(Brief descriptive captions)
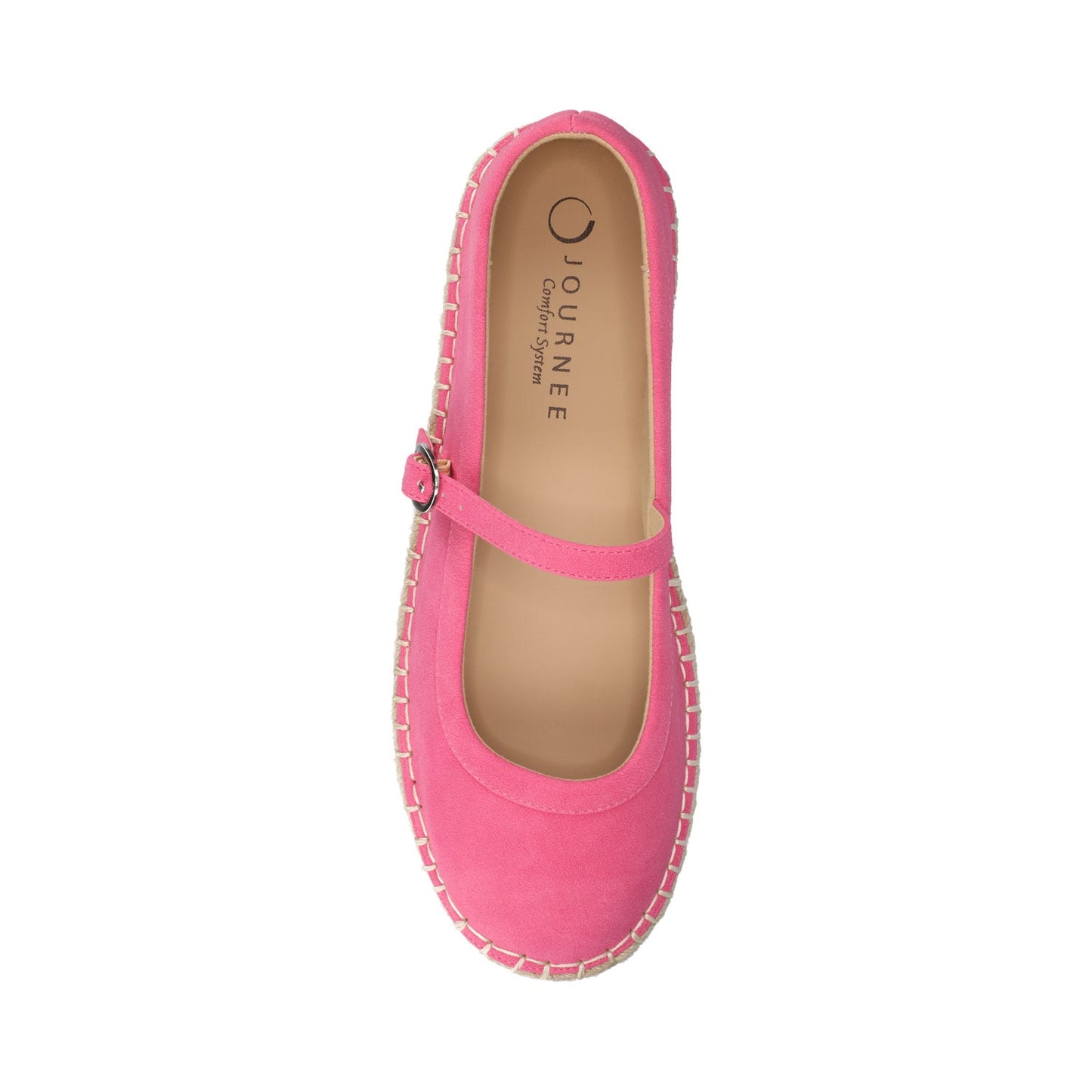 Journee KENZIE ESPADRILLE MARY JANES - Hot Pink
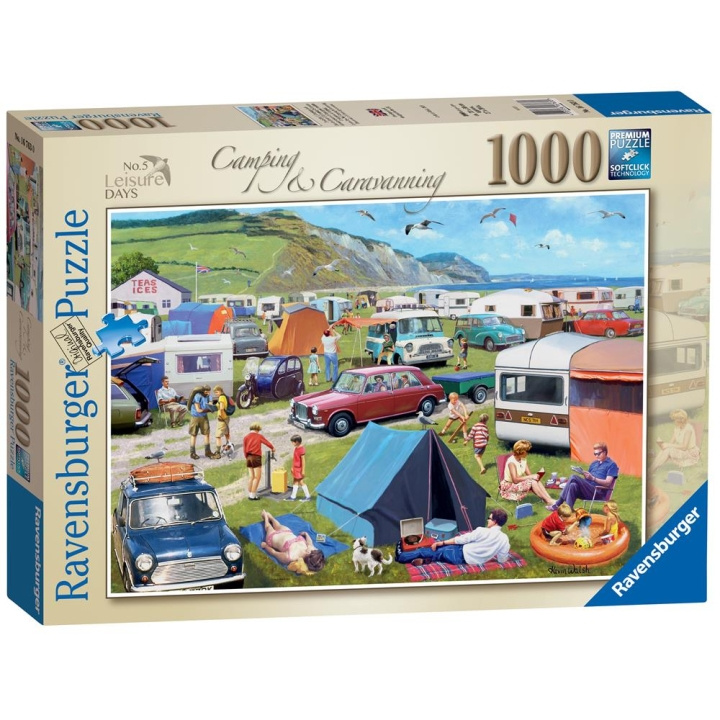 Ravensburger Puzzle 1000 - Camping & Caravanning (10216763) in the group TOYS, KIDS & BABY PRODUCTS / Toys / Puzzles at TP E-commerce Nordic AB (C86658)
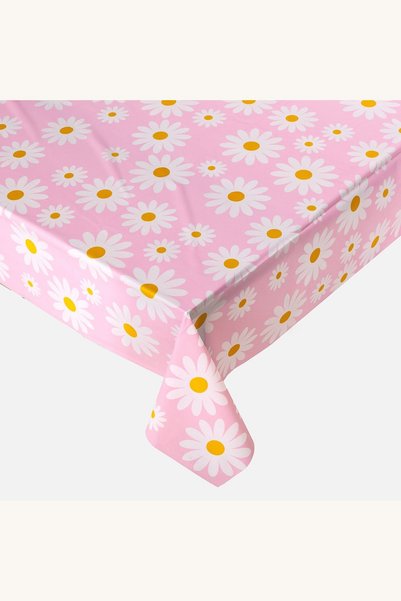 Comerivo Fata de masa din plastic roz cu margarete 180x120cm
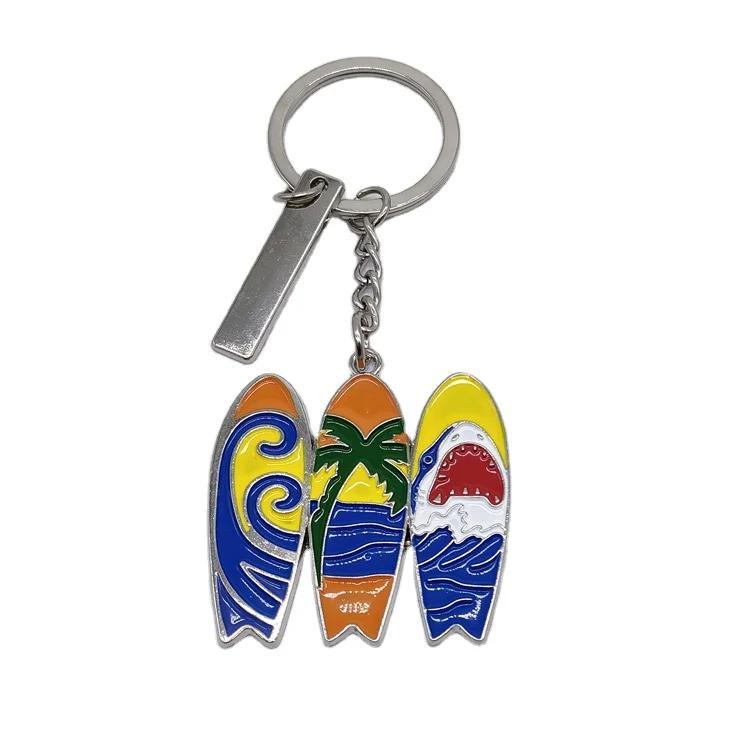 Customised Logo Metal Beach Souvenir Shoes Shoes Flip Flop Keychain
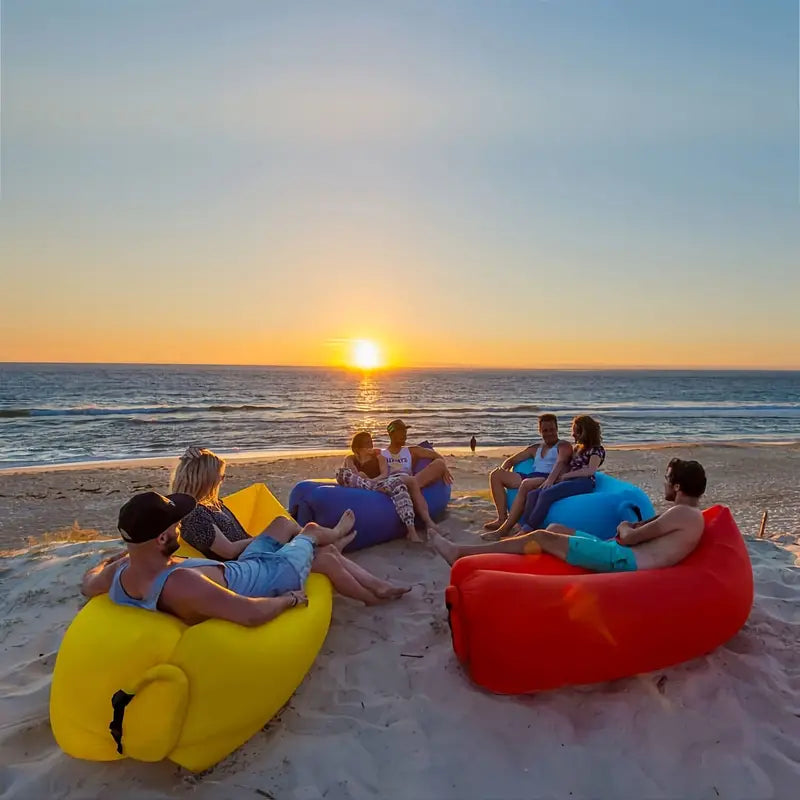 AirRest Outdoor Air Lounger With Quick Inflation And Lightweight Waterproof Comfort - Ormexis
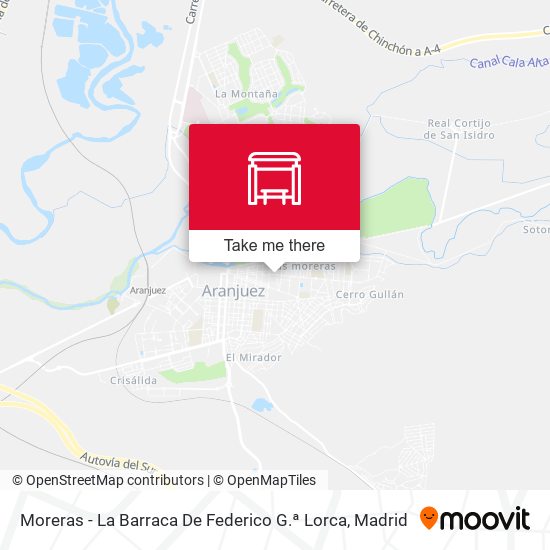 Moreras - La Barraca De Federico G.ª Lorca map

--

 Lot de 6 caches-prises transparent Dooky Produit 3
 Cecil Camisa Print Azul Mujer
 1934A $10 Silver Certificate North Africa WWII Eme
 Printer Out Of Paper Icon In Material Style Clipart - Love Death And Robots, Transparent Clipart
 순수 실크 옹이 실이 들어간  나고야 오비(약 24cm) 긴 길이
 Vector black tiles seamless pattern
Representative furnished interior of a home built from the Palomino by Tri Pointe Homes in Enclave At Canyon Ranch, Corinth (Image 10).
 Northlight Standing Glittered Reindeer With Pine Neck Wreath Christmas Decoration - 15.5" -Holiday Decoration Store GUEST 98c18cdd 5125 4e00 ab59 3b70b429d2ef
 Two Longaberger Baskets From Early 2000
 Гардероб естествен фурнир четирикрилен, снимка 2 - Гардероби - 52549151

#### What the task asks
Would you please reproduce the entries above, starting at the line with "Journee KENZIE ESPADRILLE" and stopping after the line with "Comerivo Fata de"? Omit any pictures.

#### Result for this task
 Journee KENZIE ESPADRILLE MARY JANES - Hot Pink
 Ravensburger Puzzle 1000 - Camping & Caravanning (10216763) in the group TOYS, KIDS & BABY PRODUCTS / Toys / Puzzles at TP E-commerce Nordic AB (C86658)
 Comerivo Fata de masa din plastic roz cu margarete 180x120cm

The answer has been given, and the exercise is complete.